ASSIGNED TASK: In the answer, give the entries below exactly, from the first line through the line with "1984 NFL Pro", with every picture omitted.

BEGIN AVAILABLE DATA

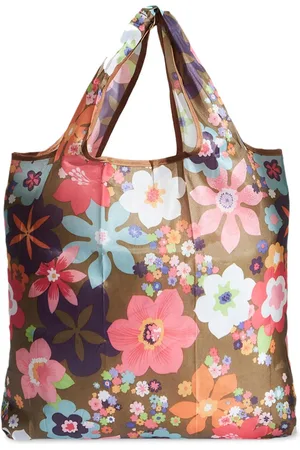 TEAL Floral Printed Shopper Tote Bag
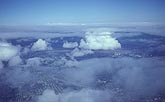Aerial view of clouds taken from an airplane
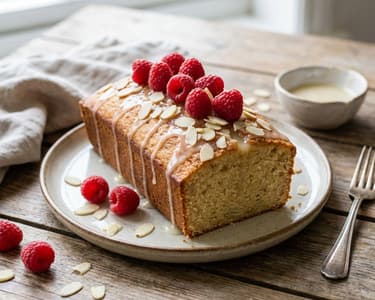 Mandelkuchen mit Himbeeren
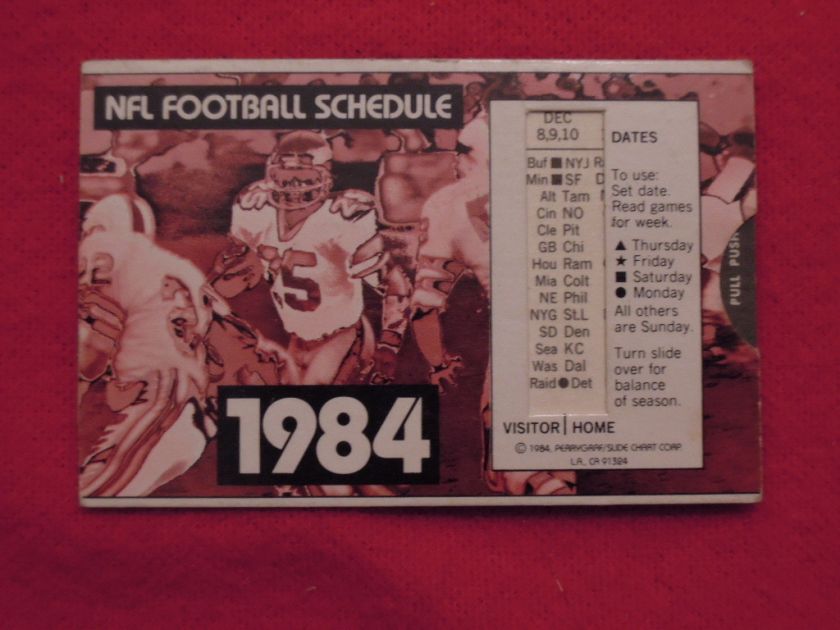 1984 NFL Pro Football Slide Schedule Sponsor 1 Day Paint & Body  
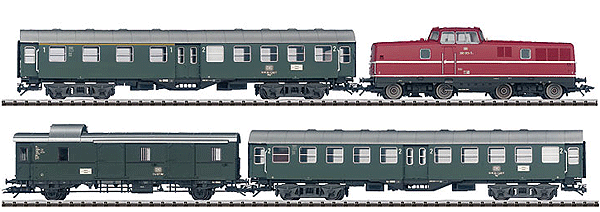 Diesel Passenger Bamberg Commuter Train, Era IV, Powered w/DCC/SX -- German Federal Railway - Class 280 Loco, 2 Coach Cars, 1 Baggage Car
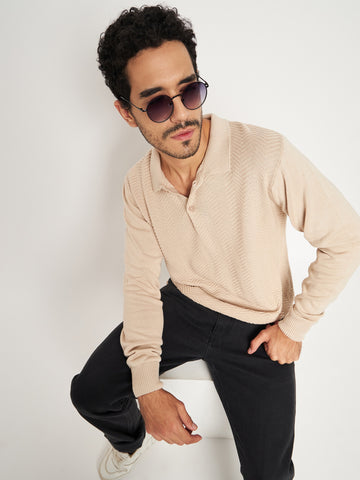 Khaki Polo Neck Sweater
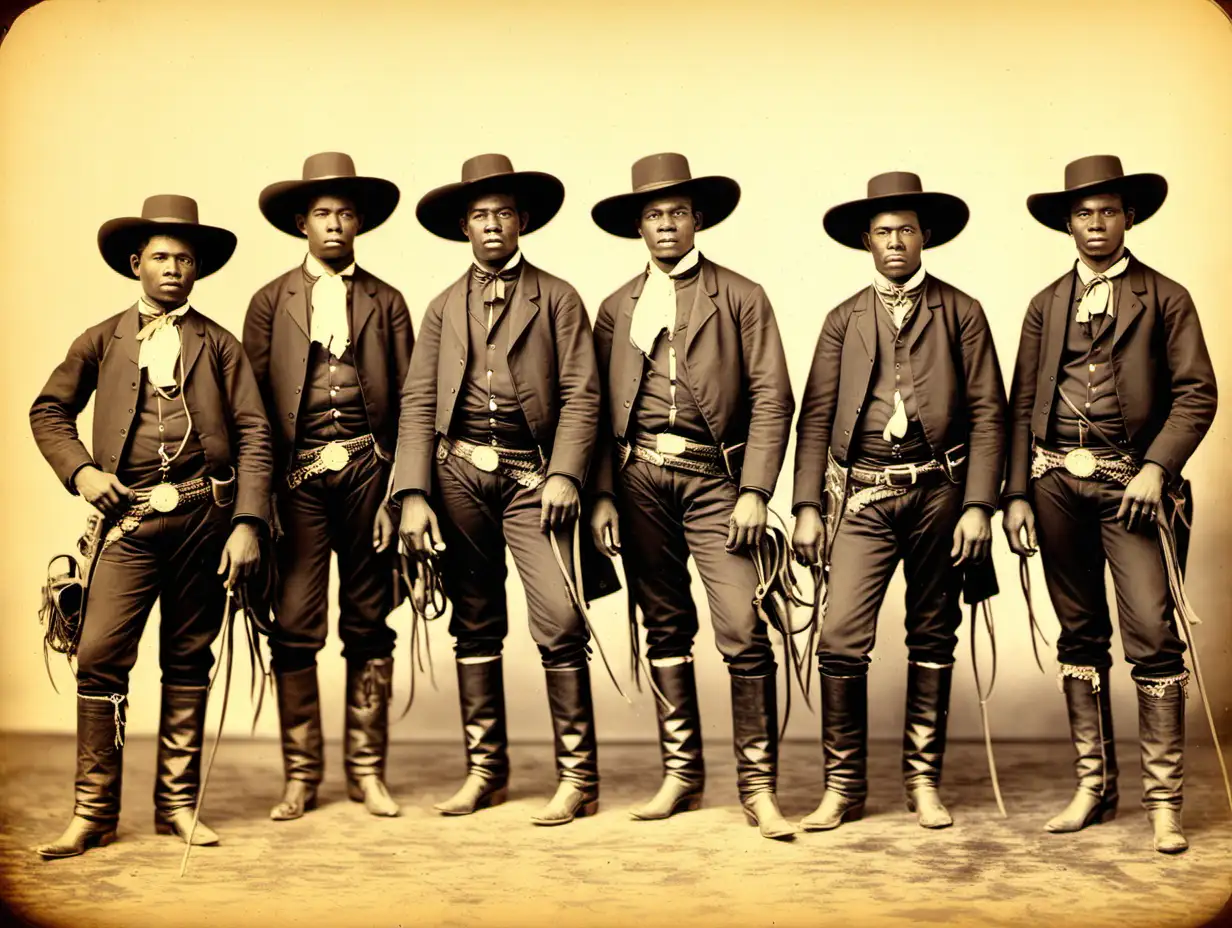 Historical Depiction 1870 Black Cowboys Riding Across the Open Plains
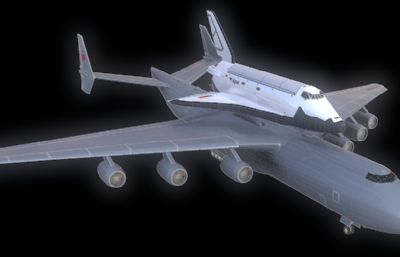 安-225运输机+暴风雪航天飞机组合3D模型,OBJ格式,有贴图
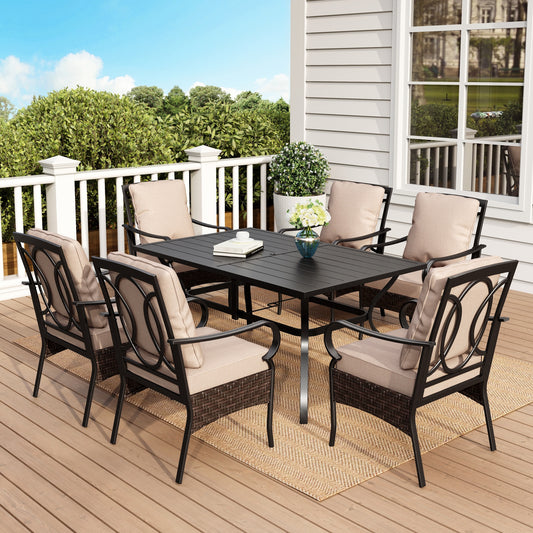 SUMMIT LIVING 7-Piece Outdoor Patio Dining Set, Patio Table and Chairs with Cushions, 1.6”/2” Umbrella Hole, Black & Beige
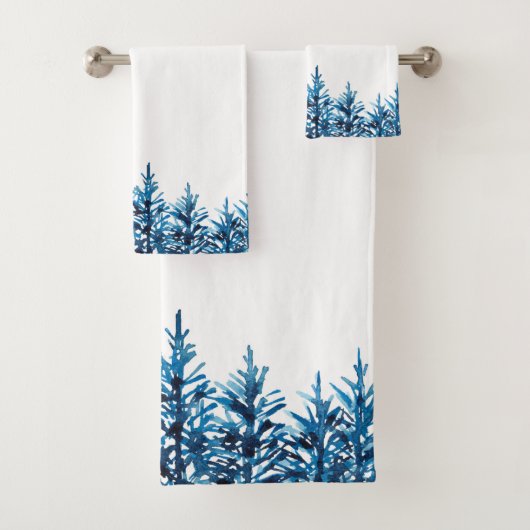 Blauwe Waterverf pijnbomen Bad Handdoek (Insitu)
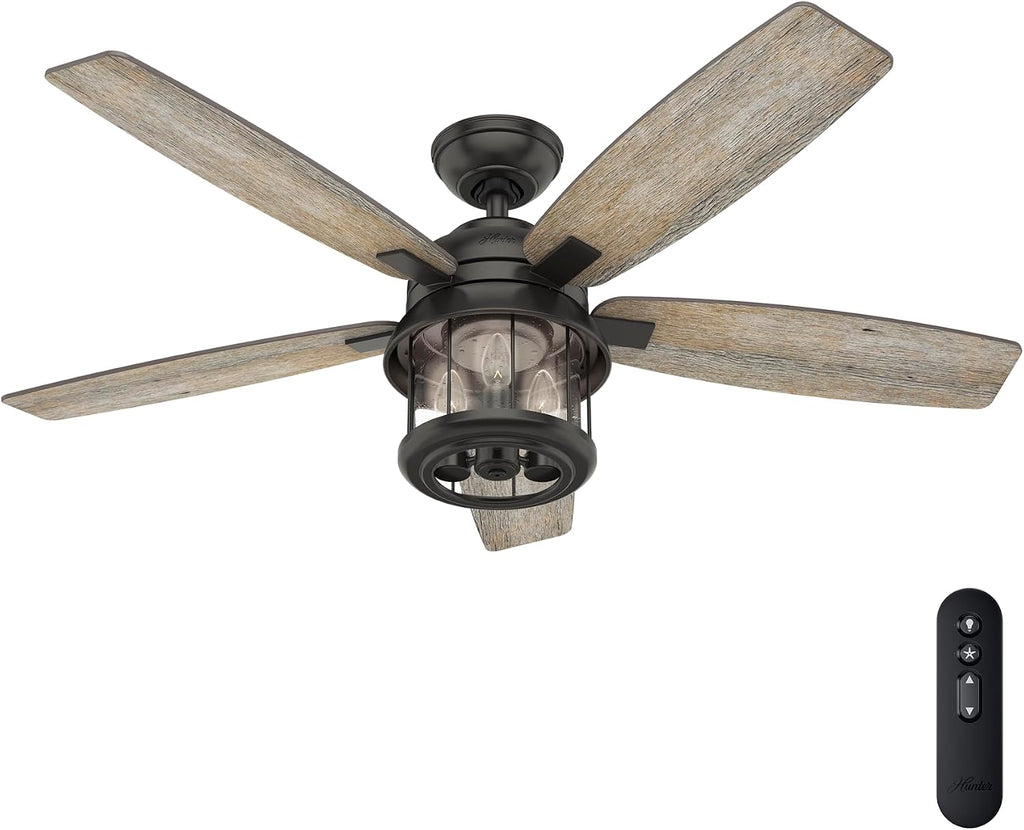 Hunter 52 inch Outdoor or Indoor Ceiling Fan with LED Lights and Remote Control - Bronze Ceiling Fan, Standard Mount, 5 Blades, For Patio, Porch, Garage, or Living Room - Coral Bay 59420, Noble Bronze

END AVAILABLE DATA

EXPECTED ANSWER:
 TEAL Floral Printed Shopper Tote Bag
Aerial view of clouds taken from an airplane
 Mandelkuchen mit Himbeeren
 1984 NFL Pro Football Slide Schedule Sponsor 1 Day Paint & Body  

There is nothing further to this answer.